2. Angels (and other celestial beings)


 They ostensibly come from the heavens, they bring hope and cleansing fire, and sometimes they judge our sins. The major angels or angelic avatars of Magic might occasionally be the object of devotion and figureheads of a cult.

 Avacyn: She's simultaneously a straightforward and peculiar case. The Church of Avacyn in Innistrad is the religion that gives hope and strength to the human followers fighting the great darkness of that plane. And yet, she's actually the progeny of Sorin Markov, a planeswalking vampire. So she's actually a manufactured god that originates from someone who's himself a monster. Theological concerns aside, the lady can fight, hugely impacts the board, and has great goth looks. She's a natural centerpiece, and very worshipable.

 Razia: As the founder ("parun") of the Boros Legion in Ravnica, Razia is not exactly a divinity, but she nonetheless reached the status of a demigod, with all the Boros angels created in her image. All scanty black leather armor, flaming swords and holy fire, Razia is another archangel that would look good on your deck-shaped altar.

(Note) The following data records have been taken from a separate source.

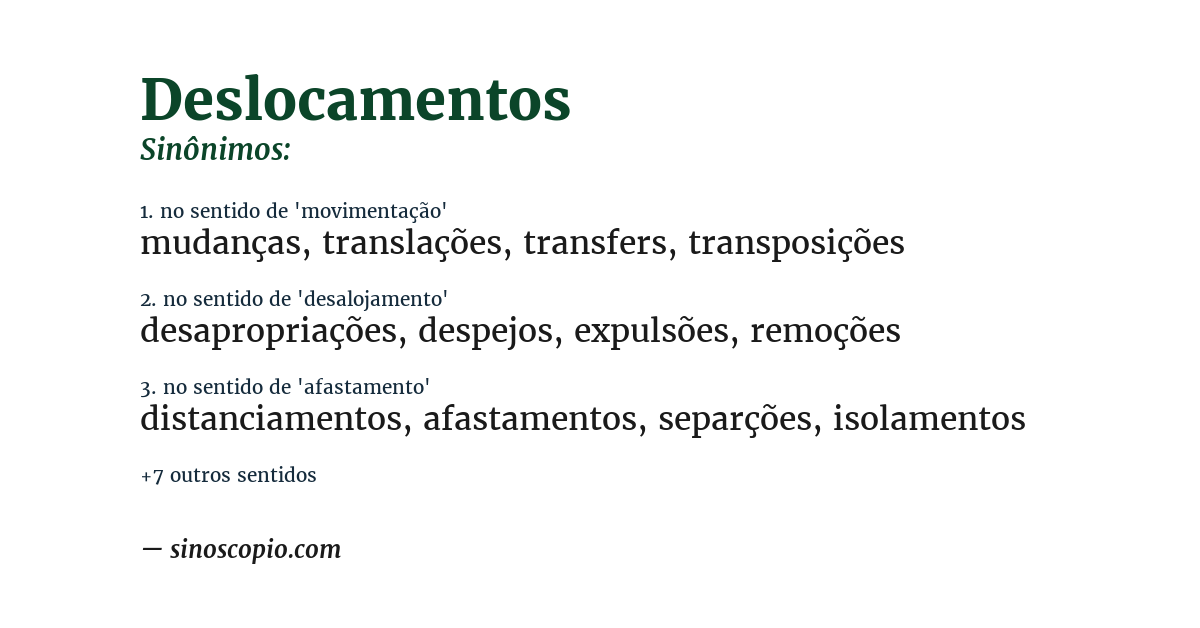 Sinônimo de deslocamentos
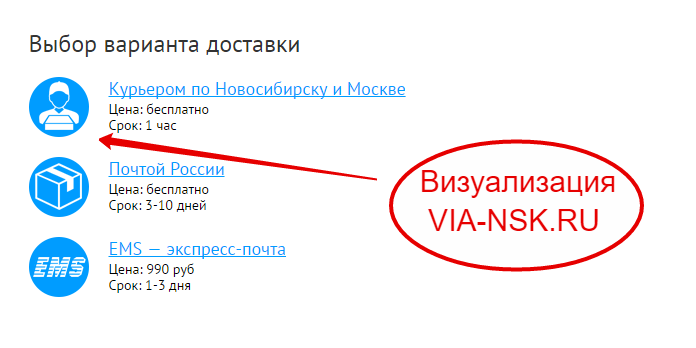  визуализация доставки при оформлении заказа на сайте via-nsk.ru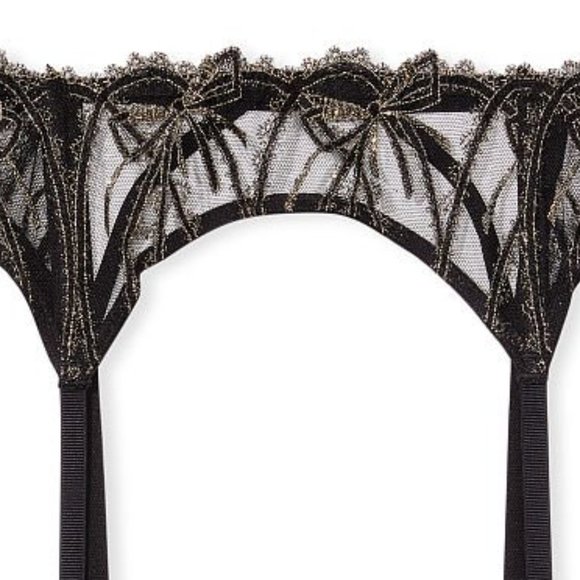 VS M/L Dream Angels Shimmer Bow Garter Belt Black and Gold Embroidery - Picture 2 of 5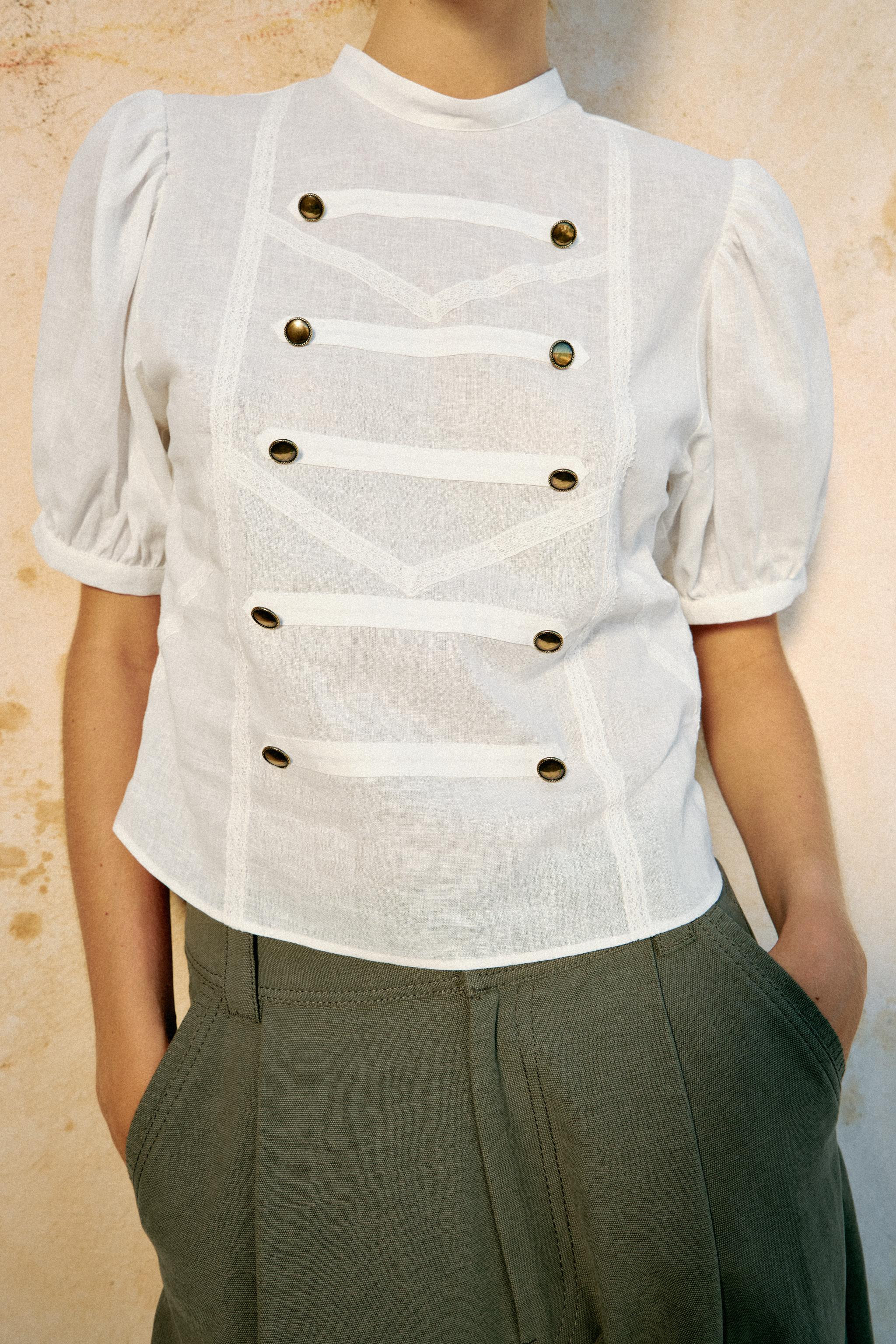 PUFF SLEEVE SHIRT WITH BUTTON DETAILS | Zara US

 Asha: The archangel of Bant, enemy of Malfegor. She sacrificed herself to banish the dragon-demon, which is why we don't have an actual card depicting her avatar. We still have her legacy, though, first and foremost that Sigil of the Empty Throne that's a great way to demonstrate your devotion to create a bunch of angels and send them to kick your opponent's butt.

 Hand of Justice: Remember this guy? He was actually a big deal in Sarpadia, worshipped as the avatar of justice. His ability can still come in handy, but it shows all the signs of its almost 20 years.

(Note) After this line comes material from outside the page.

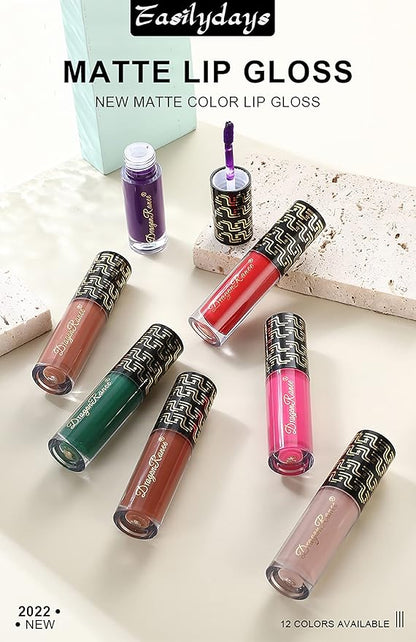 Matte Liquid Lipstick for Women, Warm Taupe Long Lasting Waterproof Lip Gloss, Non-Fading Nude/Purple Halloween Lipstick Lip Tint Makeup labiales mate 24 horas originales (#11 Warm Taupe)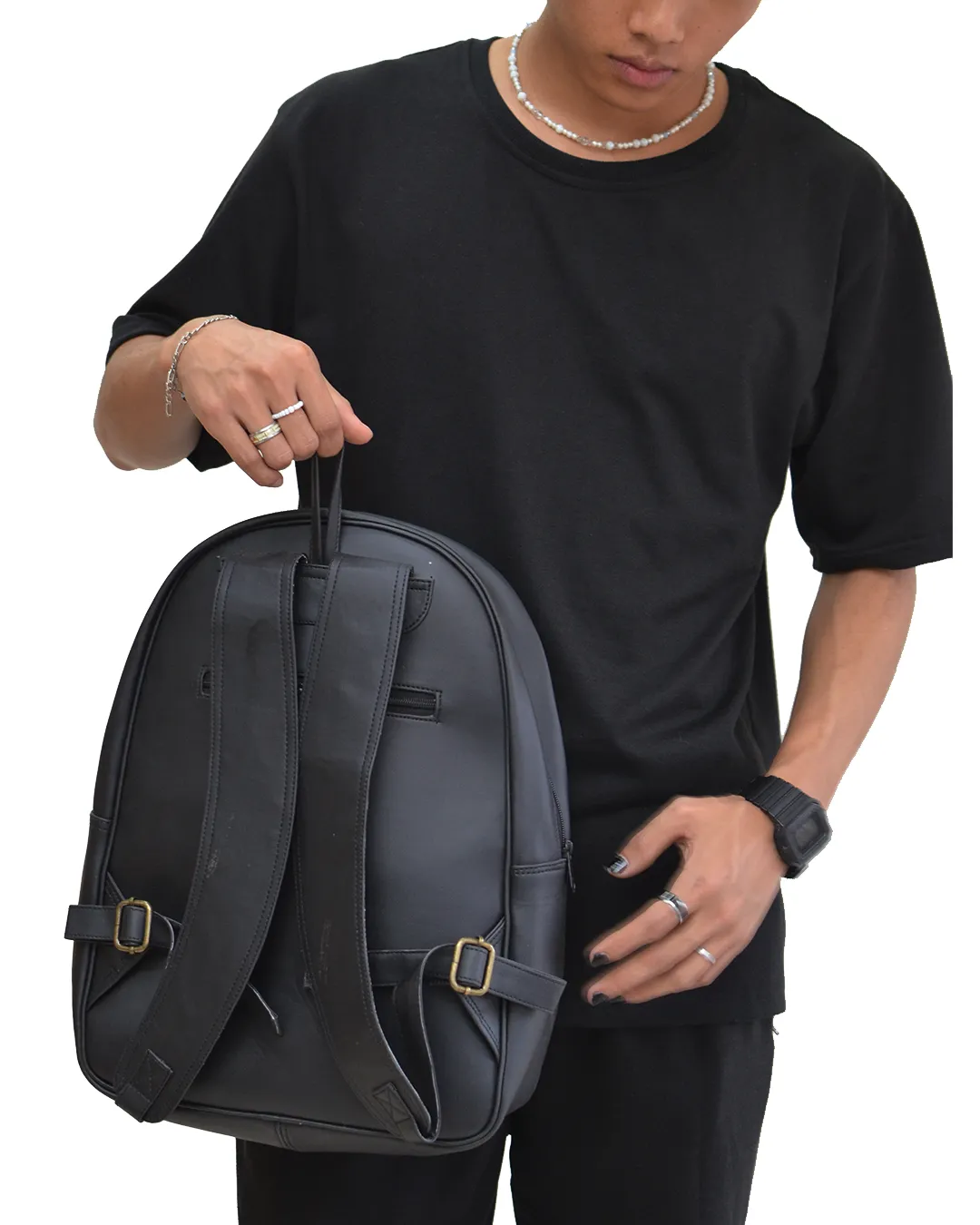 Inside Dead Caves Faux Leather D Backpack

 Gabriel Angelfire: Look at this guy. Now, you just look at this guy!

 Can you believe that this angel that can't even block flyers, and is just sitting there on the floor not sure what to do with his sword (it suits someone who apparently wonders what ability he should get between flying and rampage), was WORSHIPPED in some place in Dominaria? I don't even.

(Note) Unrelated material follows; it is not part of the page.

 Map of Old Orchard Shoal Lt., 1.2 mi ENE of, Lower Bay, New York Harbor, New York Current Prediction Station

3. Demons (and other dark fiends)


 In fantasy and horror literature, the Dark Overlords make for some sexy objects of worship, from Chtulhu to Sauron and beyond (plus, you know, Satan). Magic has even devoted whole mechanics to depict mad cultists trying to summon their evil masters, often by sacrificing themselves, like in the case of Shadowborn Apostle and Blood Speaker spilling their own blood to generally evoke demons (probably with Shadowborn Demon and Kuro, Pitlord on their minds). The oldest occurrence of this routine has to be Spirit of the Night being brought to life by the combination of Breathstealer, Feral Shadow, and Urborg Panther, an unlikely team-up whose greatest merit was to feature Cliff Nielsen's excellent artwork.

 Rakdos: He's the epitome of the worshipped demon, given that he's the living dark deity at the center of the Cult of Rakdos, down in Ravnica. His first card incarnation, Rakdos the Defiler was flashy but underwhelming; the latest Rakdos, Lord of Riots is more likely to generate worshipping decklists, especially in Commander.

 Yawgmoth: He's not a demon per se, but sort of The Man Who Would Be (Dark) God. Yawgmoth was a Dominarian mad doctor who came to Phyrexia and became a god there. As old Magic celebrities go, we never got his card, but we've got a lot of card with his name, Yawgmoth's Will being the most (in)famous, with Yawgmoth's Bargain just a step behind. There aren't a lot of formats where you can play with these cards anymore, but where you do, and once you experience them, you're going to feel the urge to worship the name of Yawgmoth and pay homage to his tomb on a regular basis.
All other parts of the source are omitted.